| DATA BLOCK |
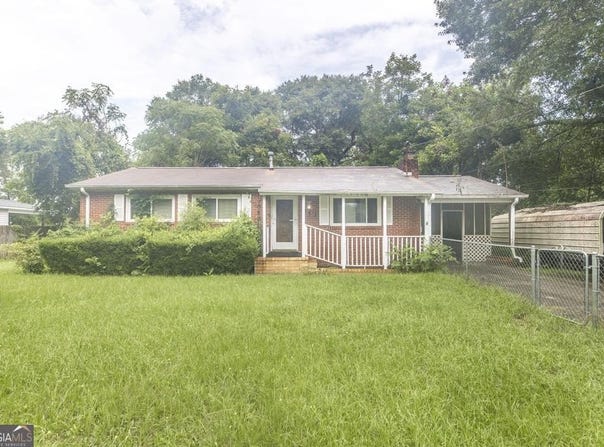 117 Maxwell, Warner Robins, GA 31088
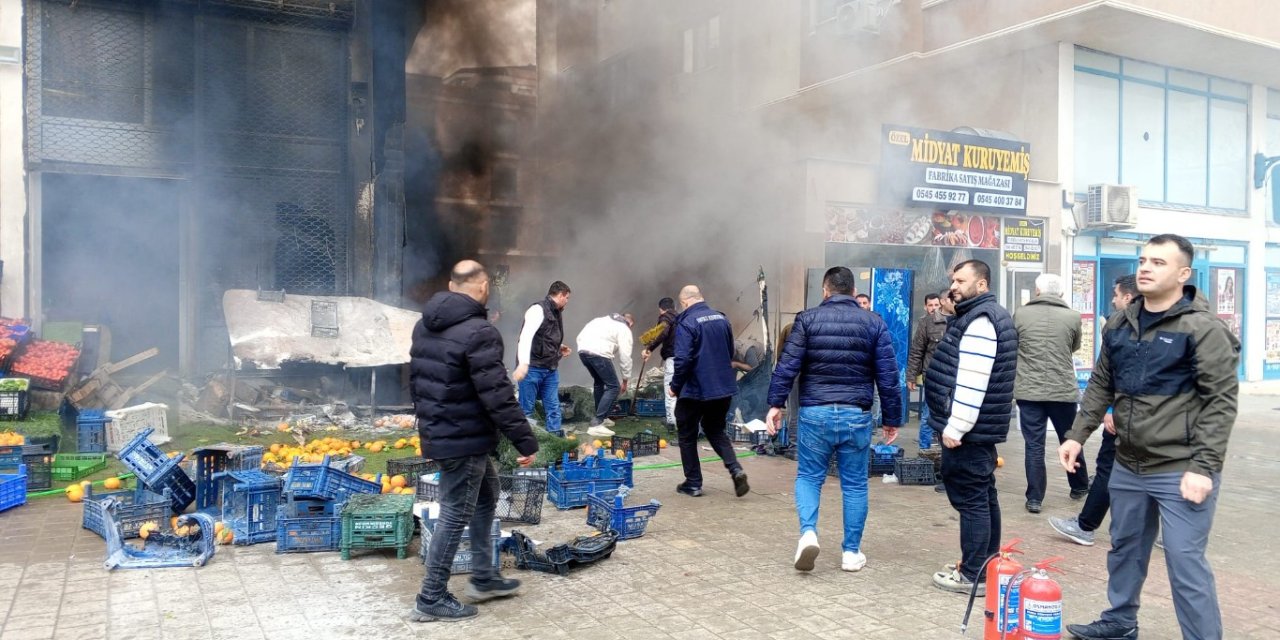 Mardin’de manavda çıkan yangın söndürüldü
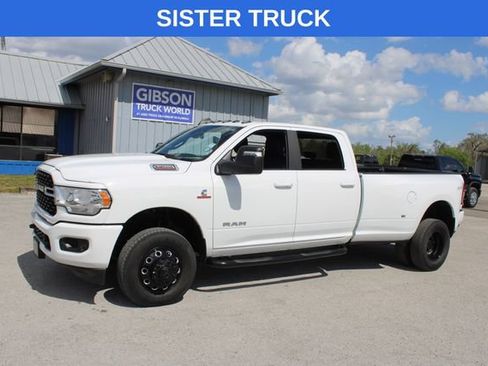 Used 2024 RAM 3500 Big Horn w/ Night Edition AWD/4WD image 4
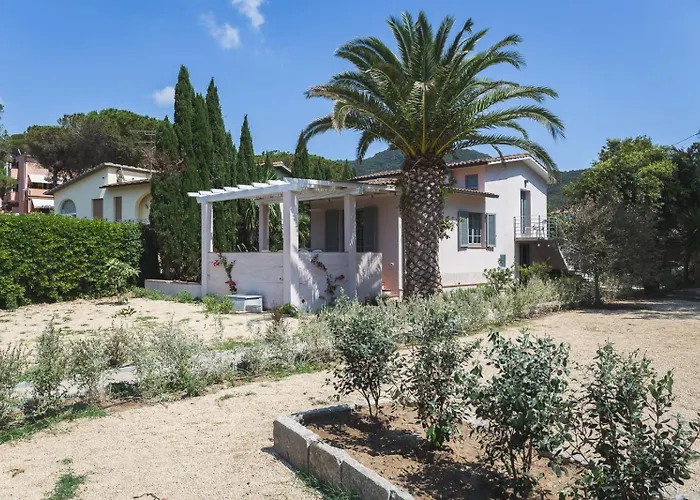 Hotel Delfino Procchio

| WORK INSTRUCTION |
Exact output of each line above is wanted, without the pictures.

| REPLY |
 117 Maxwell, Warner Robins, GA 31088
 Mardin’de manavda çıkan yangın söndürüldü
 Used 2024 RAM 3500 Big Horn w/ Night Edition AWD/4WD image 4
 Hotel Delfino Procchio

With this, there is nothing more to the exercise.